--- START ---
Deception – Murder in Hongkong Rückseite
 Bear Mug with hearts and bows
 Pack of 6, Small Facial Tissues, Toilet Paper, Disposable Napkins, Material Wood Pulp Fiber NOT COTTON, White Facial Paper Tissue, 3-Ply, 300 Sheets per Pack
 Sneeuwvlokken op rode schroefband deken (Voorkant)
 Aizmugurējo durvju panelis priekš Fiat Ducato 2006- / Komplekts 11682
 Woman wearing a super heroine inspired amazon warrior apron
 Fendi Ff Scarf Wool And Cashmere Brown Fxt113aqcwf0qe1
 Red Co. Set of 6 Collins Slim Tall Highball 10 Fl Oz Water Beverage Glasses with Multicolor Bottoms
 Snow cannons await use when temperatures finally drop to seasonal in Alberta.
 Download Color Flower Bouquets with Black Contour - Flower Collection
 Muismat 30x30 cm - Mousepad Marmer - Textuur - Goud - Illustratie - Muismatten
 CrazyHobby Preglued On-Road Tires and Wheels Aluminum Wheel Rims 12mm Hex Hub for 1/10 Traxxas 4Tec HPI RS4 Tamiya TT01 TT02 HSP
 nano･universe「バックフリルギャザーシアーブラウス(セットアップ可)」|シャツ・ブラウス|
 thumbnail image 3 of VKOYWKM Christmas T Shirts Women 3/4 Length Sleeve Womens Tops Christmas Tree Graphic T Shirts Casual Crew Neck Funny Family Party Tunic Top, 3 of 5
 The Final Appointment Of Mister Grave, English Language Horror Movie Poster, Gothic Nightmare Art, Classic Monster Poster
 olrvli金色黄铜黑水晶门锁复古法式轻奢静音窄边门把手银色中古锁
--- END ---
● Work to be completed
The records above are to be given again in full, exactly.

● Response to the exercise
Deception – Murder in Hongkong Rückseite
 Bear Mug with hearts and bows
 Pack of 6, Small Facial Tissues, Toilet Paper, Disposable Napkins, Material Wood Pulp Fiber NOT COTTON, White Facial Paper Tissue, 3-Ply, 300 Sheets per Pack
 Sneeuwvlokken op rode schroefband deken (Voorkant)
 Aizmugurējo durvju panelis priekš Fiat Ducato 2006- / Komplekts 11682
 Woman wearing a super heroine inspired amazon warrior apron
 Fendi Ff Scarf Wool And Cashmere Brown Fxt113aqcwf0qe1
 Red Co. Set of 6 Collins Slim Tall Highball 10 Fl Oz Water Beverage Glasses with Multicolor Bottoms
 Snow cannons await use when temperatures finally drop to seasonal in Alberta.
 Download Color Flower Bouquets with Black Contour - Flower Collection
 Muismat 30x30 cm - Mousepad Marmer - Textuur - Goud - Illustratie - Muismatten
 CrazyHobby Preglued On-Road Tires and Wheels Aluminum Wheel Rims 12mm Hex Hub for 1/10 Traxxas 4Tec HPI RS4 Tamiya TT01 TT02 HSP
 nano･universe「バックフリルギャザーシアーブラウス(セットアップ可)」|シャツ・ブラウス|
 thumbnail image 3 of VKOYWKM Christmas T Shirts Women 3/4 Length Sleeve Womens Tops Christmas Tree Graphic T Shirts Casual Crew Neck Funny Family Party Tunic Top, 3 of 5
 The Final Appointment Of Mister Grave, English Language Horror Movie Poster, Gothic Nightmare Art, Classic Monster Poster
 olrvli金色黄铜黑水晶门锁复古法式轻奢静音窄边门把手银色中古锁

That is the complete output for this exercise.